If it was just me, I'd be very happy eating only once a day. I hate cooking, so I'd go out and get myself a large Caesar salad at McAlister's (extra croutons, and extra dressing on the side to dip them into, and unsweet tea with lemon and lots of ice).


My thing about food is, I'd be perfectly happy eating the same thing every day for a year. I get a favorite meal (see above) and that's pretty much all I want to eat for, well, forever. Okay, not forever, but the McAlister's thing has been hanging in there for a couple of years now. They know me. They give me whole bowls of extra croutons and an automatic extra lemon on my tea refills.

Kids, though. I can't solve the "feed the children" problem by simply taking them all with me to McAlister's every day (too expensive, and besides they rebel at eating at the same place ALL THE TIME).

No, they want meals, real meals cooked up by loving hands at home, and several of them a day. Now, I can understand this. I know that when they were babies, I should have predicted that all of them would grow out of the "nurse on demand" phase and would turn into actual people, real people with molars, demanding food that varies from day to day and has to be chewed.

What I can't understand is why the food thing has to be so doggone constant. Like, every ten minutes, somebody wants to eat something.

We just got back from a late Thanksgiving dinner with some relatives who had other relatives visiting them on Thanksgiving. We were provided with a filling meal of barbecue beef or pork sandwiches (take your pick), coleslaw, beans, potato salad, and ice cream and homemade cookies for dessert. AND, they had gotten some fast food french fries and chicken nuggets for the kids, just in case the kids didn't like barbecue. AND, the woman of the house indulged the little girls' requests for anything they wanted, which included apples, peeled and cut up, an orange, peeled and cut up, and some cherry tomatoes.

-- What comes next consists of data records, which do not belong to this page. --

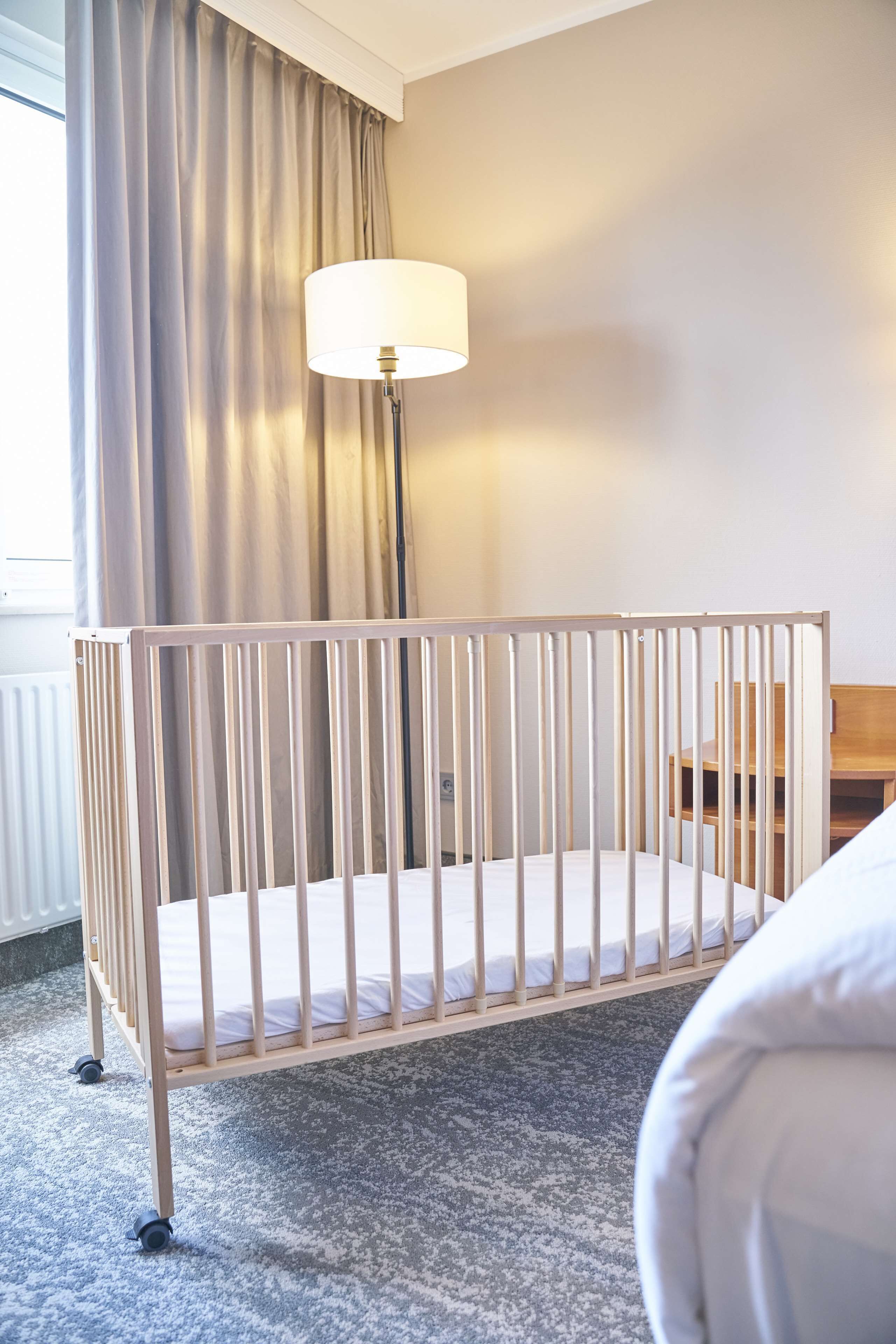 A baby crib with a white mattress, a floor lamp, and a wooden nightstand in a hotel room.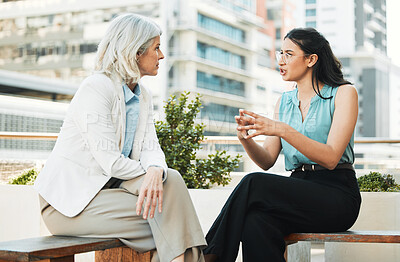 Buy stock photo Shot of two businesswomen sitting outside together and having a discussion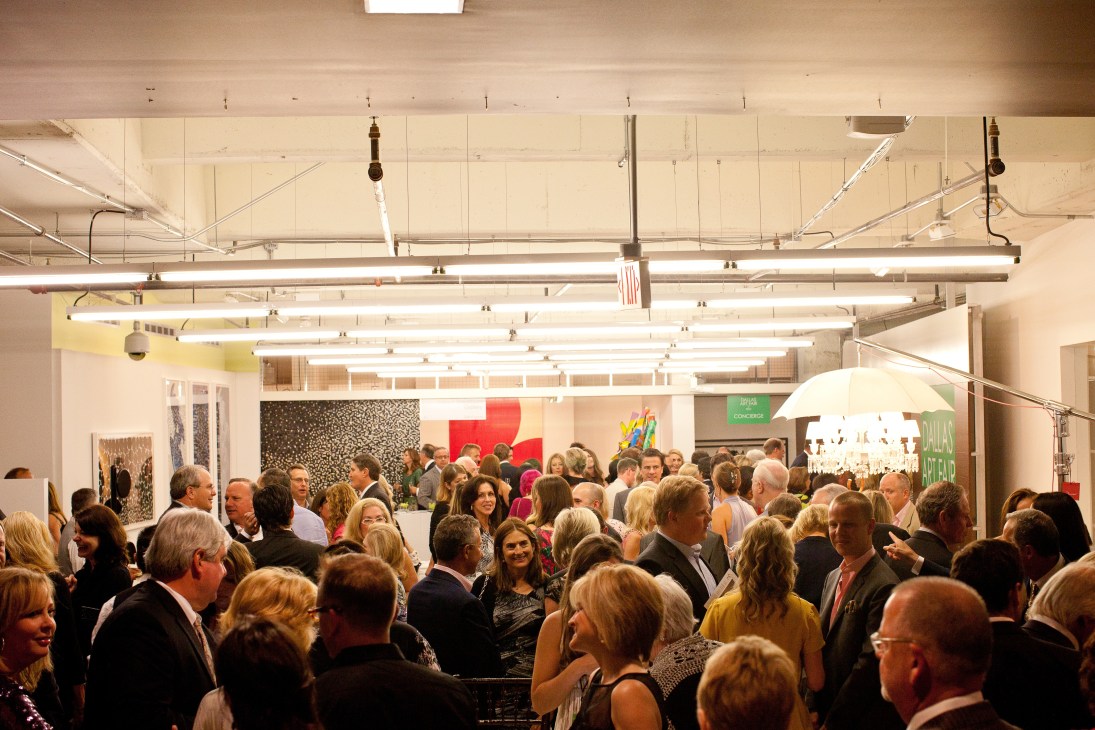 Crowds of visitors in business attire mingle at the Dallas Art Fair opening gala in a modern gallery space with colorful artworks displayed on walls.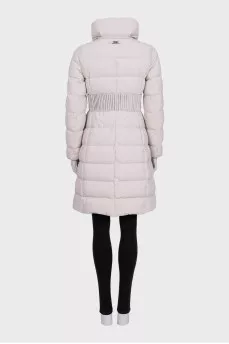A fitted, elongated down jacket with a zipper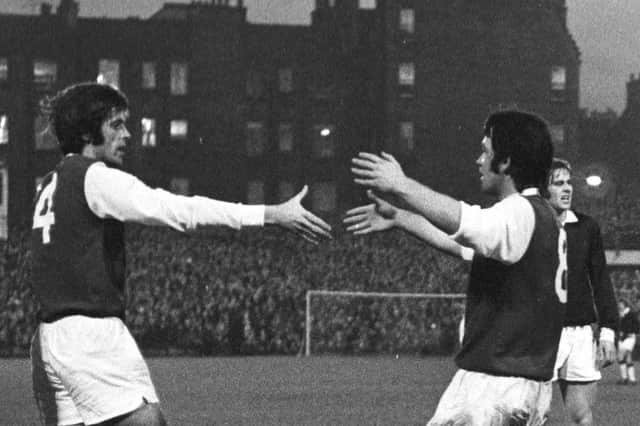 Hibs defender Pat Stanton (left) praises goal hero Jimmy O'Rourke after scoring the opening strike against Hearts in 1973.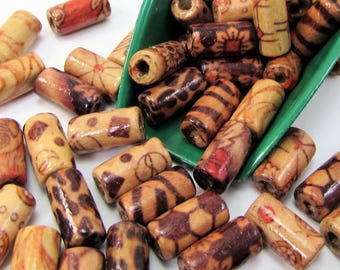 May include: A collection of wooden beads in various shades of brown and tan, with decorative patterns. Some beads have floral, geometric, or animal print designs. The beads are cylindrical and appear to be for jewelry making or crafts.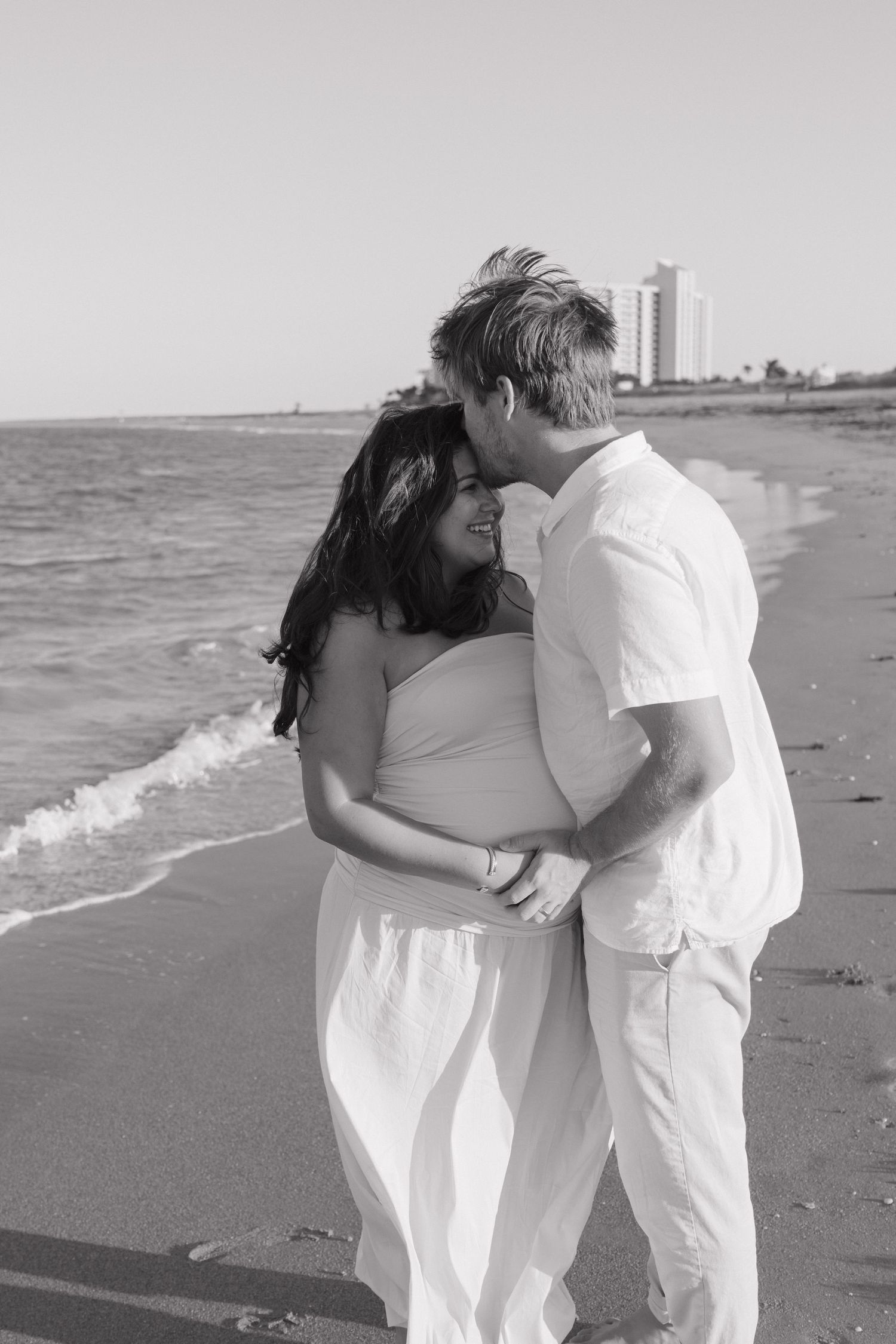 Black and white photo of a romantic couple embracing and smiling on a sandy beach with ocean waves and a hotel in the background.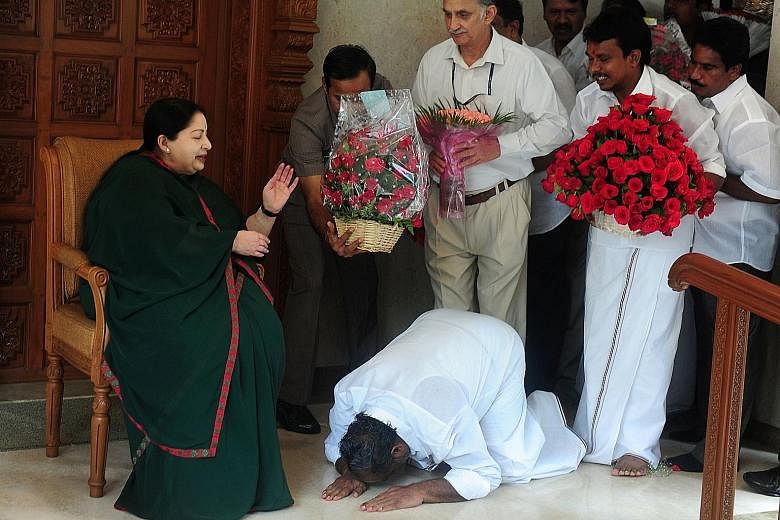 An AIADMK supporter bowing at the feet of Ms Jayalalithaa at her residence in Chennai last Thursday.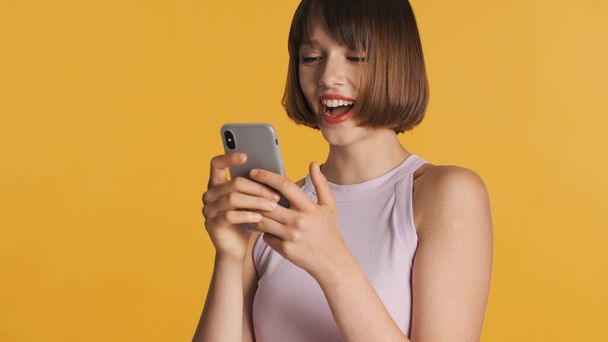 Docela veselá brunetka dívka vychutnat online chatování s přáteli v sociální síti izolované na žlutém pozadí. Šťastný výraz - Fotografie, Obrázek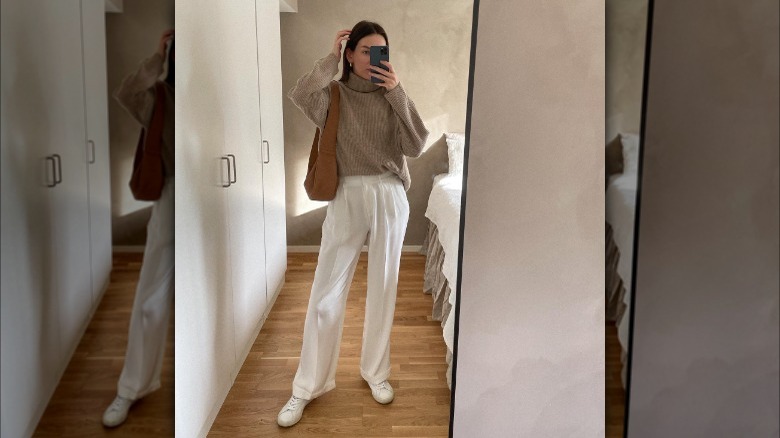 woman wearing white trousers and turtleneck sweater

We've been home fifteen minutes and they have already hollered about my not wanting to provide bedtime snacks tonight. They're hungry. They're starving. They're dying.

For heaven's sake, we just left the House of Plenty where they were provided with everything their little hearts could desire (food-wise anyway) about an hour ago.

It wouldn't bother me, actually, if I thought that I'd fix a snack and they'd eat it. But I know that they'd play with it, argue about who had more, wander off to do something more interesting, and, eventually, fuss because I got rid of whatever they had left and they really really intended to come back to the table and eat some more.

Francie is the most difficult in this regard, but she does have an excuse. She lived in an orphanage her first two years of life. Toward the end of her time there, Haiti was in rough shape, and I suspect the orphanage was having a hard time getting enough food for everyone. Francie likes to be sure there's ample food available, so she will keep asking for food after she's reached the point where she no longer wants to eat it. She also tends to walk around, playing and talking and laughing, with some chewed food still in her mouth but not swallowed yet--as if she is hanging on to it for later.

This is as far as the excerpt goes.